Laws Change Rules, Norms Shape Reality
The paper explains that laws influence women’s lives in two ways. First, they have direct effects by removing legal barriers or granting rights, such as the right to work, own property, or be protected from violence. Second, they have indirect effects by signaling what society considers acceptable. These signals can encourage change, but they can also fail if social norms remain hostile. Importantly, the relationship runs both ways: norms shape which laws are adopted and how they are enforced, while changes in women’s economic roles can slowly reshape norms. Ignoring this feedback loop leads to overestimating what legal reform alone can achieve.
How Gender Norms Are Measured, and What’s Missing
Measuring social norms is difficult, and the paper carefully reviews the available tools. Qualitative methods like interviews and ethnographic studies provide deep insights into everyday life, but are hard to scale. Large surveys, such as the World Values Survey, Demographic and Health Surveys, Gallup World Poll, Afrobarometer, and the UN’s Gender Social Norms Index, allow comparisons across countries, but they rely on self-reported attitudes and often miss how norms are enforced or how people are punished for breaking them. A major gap identified throughout the review is the lack of long-term data, which makes it hard to see whether norms truly change after legal reforms or whether apparent progress is temporary.
What the Evidence Shows Across Women’s Lives
Using the WBL framework, the paper reviews how laws and norms interact across key areas of women’s lives. In safety, laws against domestic violence work best where norms already make separation or reporting socially acceptable; where stigma remains strong, legal protection is often unused. In mobility, women’s ability to move freely is limited not only by laws but by fear of harassment and social expectations, and some gender-segregated “safety” policies end up reinforcing stereotypes. In work and pay, norms about women’s roles in the home continue to shape labor supply, job choice, and wages, even after legal barriers are removed.
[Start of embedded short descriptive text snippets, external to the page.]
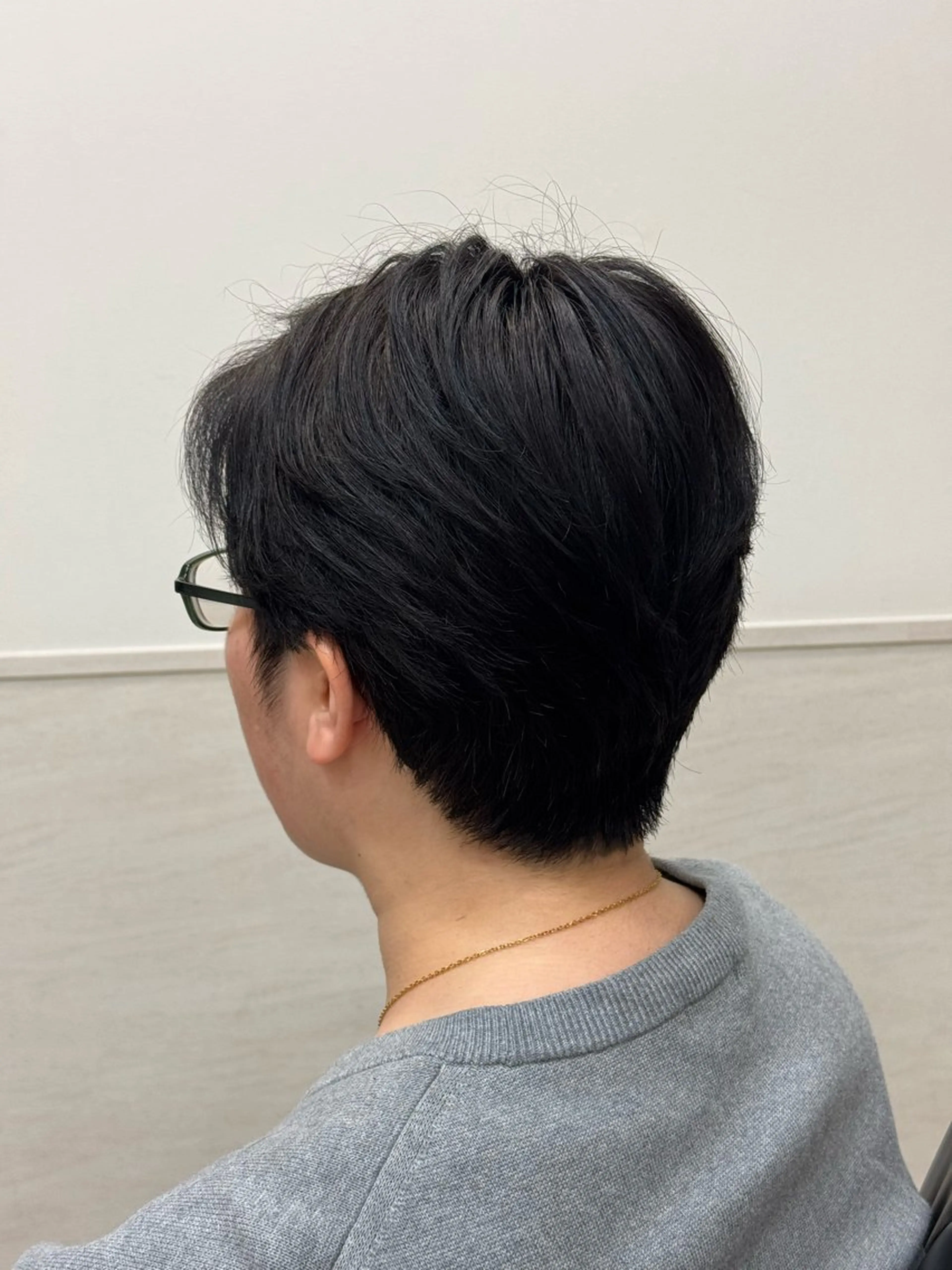 ミディアム カラー YOSHIZAWA Inc. PREMIUM 築地所属・💈Hisa ／ 理容師💈のヘアスタイル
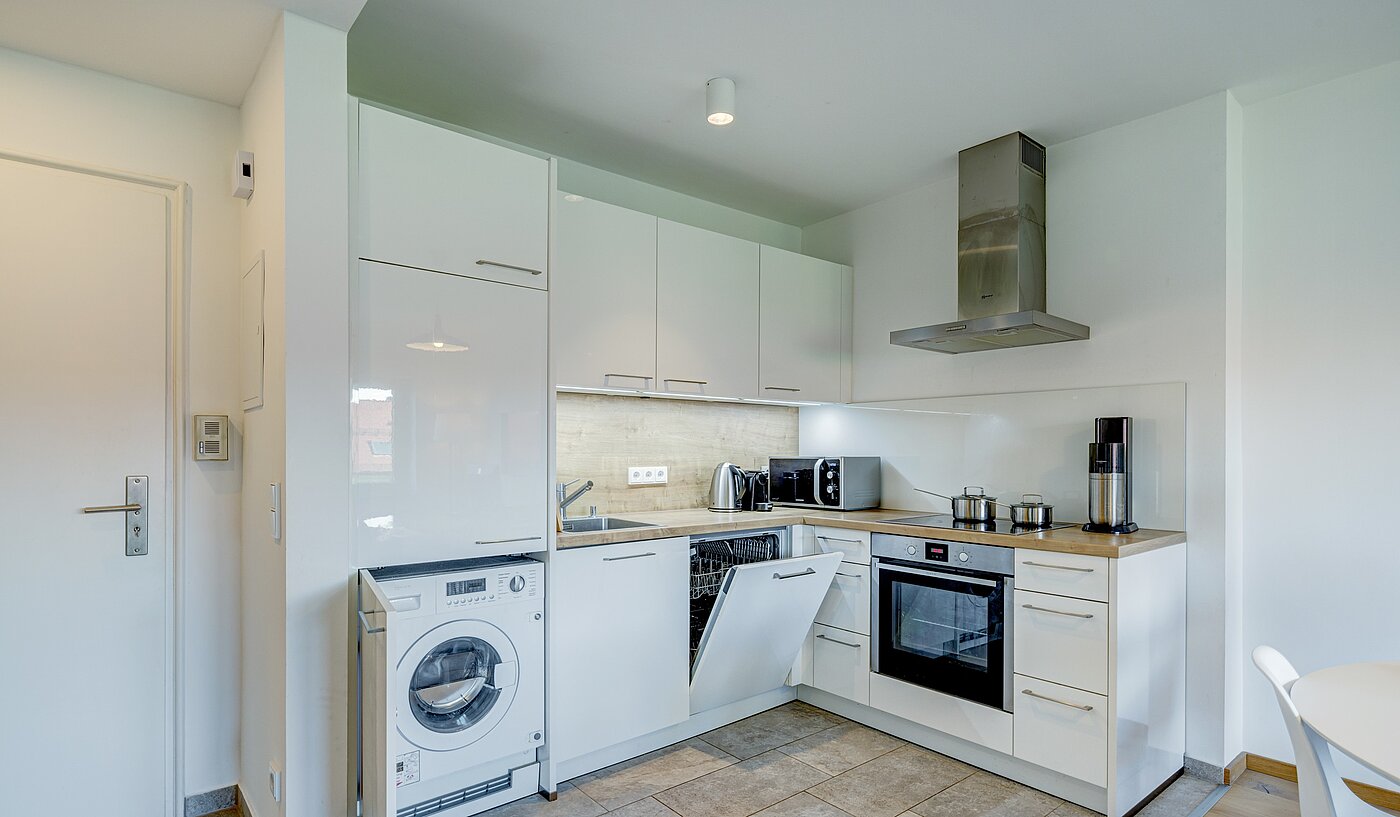 Apartment 와 함께 1 방 | München-Schwabing | 70198 | ...Waschtrockner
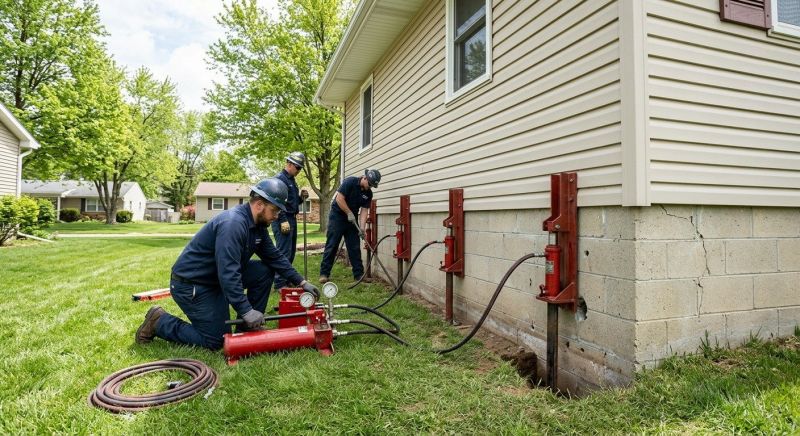 Foundation Jacking in Lake Worth, FL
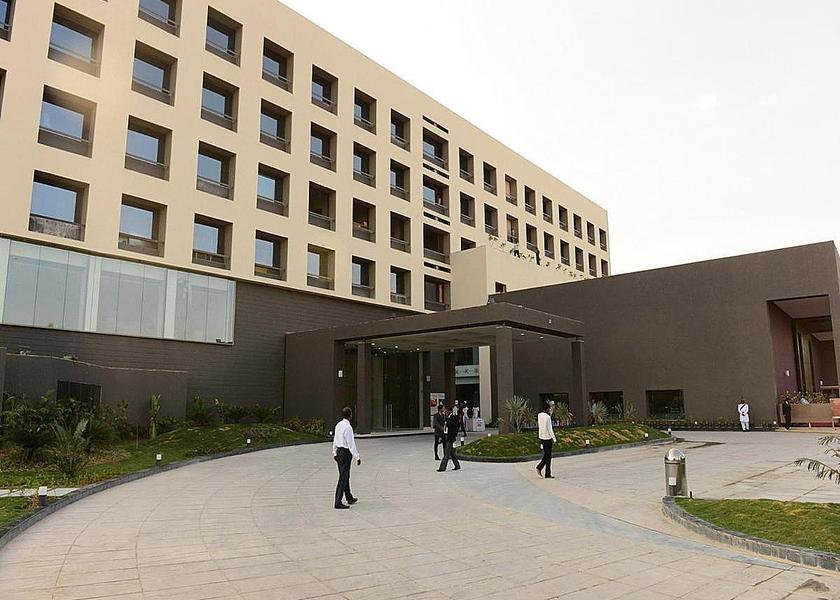 Gujarat Ahmedabad Hotel Exterior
Pay transparency laws have reduced gender wage gaps in some countries, but only where enforcement is credible.
Marriage, parenthood, and childcare show especially strong norm effects. Divorce and inheritance reforms improve women’s bargaining power mainly in societies where traditional norms are already weakening; elsewhere, families may find ways around the law. Caregiving norms mean women still bear most unpaid work, limiting the impact of parental leave and childcare policies. In entrepreneurship, social expectations about risk-taking and authority reduce women’s ability to benefit from credit and training, and there is little causal evidence that financial anti-discrimination laws boost women-owned businesses. In assets and pensions, property and retirement rules shape women’s long-term security, but reforms can provoke backlash when norms resist women’s economic independence.
What’s Missing and What Needs to Change
The study finds major gaps in existing research. Only a small share of studies examine laws and norms together; causal evidence is limited, and most research focuses on high-income countries. There is little systematic work on backlash, circumvention, or the social penalties faced by women who defy norms. The authors conclude that legal reform is necessary but not sufficient. To make laws work, policymakers must also invest in changing social norms through information campaigns, community engagement, legal awareness, and better data, especially long-term and mixed-method research. Without this combined approach, legal rights risk remaining symbolic rather than truly transformative for women’s economic empowerment.